On examination it became clear that the Assyrian myths were drawn from or similar to the Babylonian ones. Additionally Sir Henry Rawlinson had noted similarities between Biblical accounts of creation and the geography of Babylonia. He suggested that biblical creation stories might have their origin in that area. A link was found on a tablet labelled K 63 at the British Museum's collection by Smith, as well as similar text on other tablets. Smith then began searching the collection for textual similarities between the two myths, and found several references to a deluge myth with an 'Izdubar' (literal translation of cuneiform for Gilgamesh). Smith's publication of his work led to an expedition to Assyria funded by The Daily Telegraph. There he found further tablets describing the deluge as well as fragmentary accounts of creation, a text on a war between good and evil 'gods', and a fall of man myth. A second expedition by Smith brought back further creation legend fragments. By 1875 he had returned and began publishing accounts of these discoveries in the Daily Telegraph from 4 March 1875.

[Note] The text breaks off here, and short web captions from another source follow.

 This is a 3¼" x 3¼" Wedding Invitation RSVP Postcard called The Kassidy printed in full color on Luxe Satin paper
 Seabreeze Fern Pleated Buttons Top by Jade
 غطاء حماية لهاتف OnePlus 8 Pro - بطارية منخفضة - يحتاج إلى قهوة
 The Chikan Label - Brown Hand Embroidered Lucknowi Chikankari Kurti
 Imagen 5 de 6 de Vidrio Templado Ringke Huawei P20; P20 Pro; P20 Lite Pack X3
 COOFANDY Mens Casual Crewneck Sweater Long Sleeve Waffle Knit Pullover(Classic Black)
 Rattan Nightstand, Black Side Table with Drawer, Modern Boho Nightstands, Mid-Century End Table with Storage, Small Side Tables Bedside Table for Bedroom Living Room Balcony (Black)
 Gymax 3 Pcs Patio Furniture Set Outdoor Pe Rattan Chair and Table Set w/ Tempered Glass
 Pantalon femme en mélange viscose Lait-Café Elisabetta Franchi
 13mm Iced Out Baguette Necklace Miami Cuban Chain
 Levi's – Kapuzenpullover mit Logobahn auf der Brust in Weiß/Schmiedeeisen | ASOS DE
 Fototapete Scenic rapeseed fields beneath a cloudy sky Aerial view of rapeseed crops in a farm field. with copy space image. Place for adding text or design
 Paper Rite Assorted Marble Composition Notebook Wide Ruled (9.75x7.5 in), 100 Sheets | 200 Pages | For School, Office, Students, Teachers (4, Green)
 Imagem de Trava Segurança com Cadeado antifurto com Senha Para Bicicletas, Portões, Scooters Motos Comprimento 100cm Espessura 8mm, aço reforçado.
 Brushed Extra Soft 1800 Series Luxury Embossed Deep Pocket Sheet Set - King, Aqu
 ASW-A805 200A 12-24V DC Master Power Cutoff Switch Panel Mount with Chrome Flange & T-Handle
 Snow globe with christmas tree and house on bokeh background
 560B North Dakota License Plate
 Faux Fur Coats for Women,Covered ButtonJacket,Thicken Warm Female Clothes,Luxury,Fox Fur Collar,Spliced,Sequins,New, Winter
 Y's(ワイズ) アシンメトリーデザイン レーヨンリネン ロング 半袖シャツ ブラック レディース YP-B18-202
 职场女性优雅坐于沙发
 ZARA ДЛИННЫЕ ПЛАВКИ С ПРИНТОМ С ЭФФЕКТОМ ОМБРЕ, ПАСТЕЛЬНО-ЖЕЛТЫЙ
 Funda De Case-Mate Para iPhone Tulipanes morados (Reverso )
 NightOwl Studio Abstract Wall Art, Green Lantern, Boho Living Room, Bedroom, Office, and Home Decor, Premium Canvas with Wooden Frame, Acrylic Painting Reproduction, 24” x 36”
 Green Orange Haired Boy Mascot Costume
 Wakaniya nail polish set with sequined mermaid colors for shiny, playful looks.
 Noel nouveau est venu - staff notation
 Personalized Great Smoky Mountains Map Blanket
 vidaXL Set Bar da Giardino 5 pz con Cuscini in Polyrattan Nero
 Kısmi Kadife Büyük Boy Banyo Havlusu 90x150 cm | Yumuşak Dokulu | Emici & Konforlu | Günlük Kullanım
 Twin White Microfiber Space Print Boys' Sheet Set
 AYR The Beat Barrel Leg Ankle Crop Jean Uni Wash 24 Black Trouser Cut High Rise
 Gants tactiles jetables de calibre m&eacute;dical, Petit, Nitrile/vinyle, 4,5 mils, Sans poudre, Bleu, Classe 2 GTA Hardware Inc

Smith speculated that the creation myth, including a part describing the fall of man, might originally have spanned at least nine or ten tablets. He also identified tablets the themes of which were, in part, closer to the account given by Berossus. Some of Smith's early correspondences, such as references to the stories of the temptation of Eve, to the Tower of Babel, and to instructions given from God (Yahweh) to Adam and Eve, were later held to be erroneous.

The connection with the Bible stories brought a great deal of additional attention to the tablets, in addition to Smith's early scholarship on the tablets, early translation work included that done by E. Schrader, A. H. Sayce, and Jules Oppert. In 1890 P. Jensen published a translation and commentary Die Kosmologie der Babylonier (Jensen 1890), followed by an updated translation in his 1900 Mythen und Epen (Jensen 1900); in 1895 Prof. Zimmern of Leipzig gave a translation of all known fragments, (Gunkel & Zimmern 1895), shortly followed by a translation by Friedrich Delitzsch, as well as contributions by several other authors.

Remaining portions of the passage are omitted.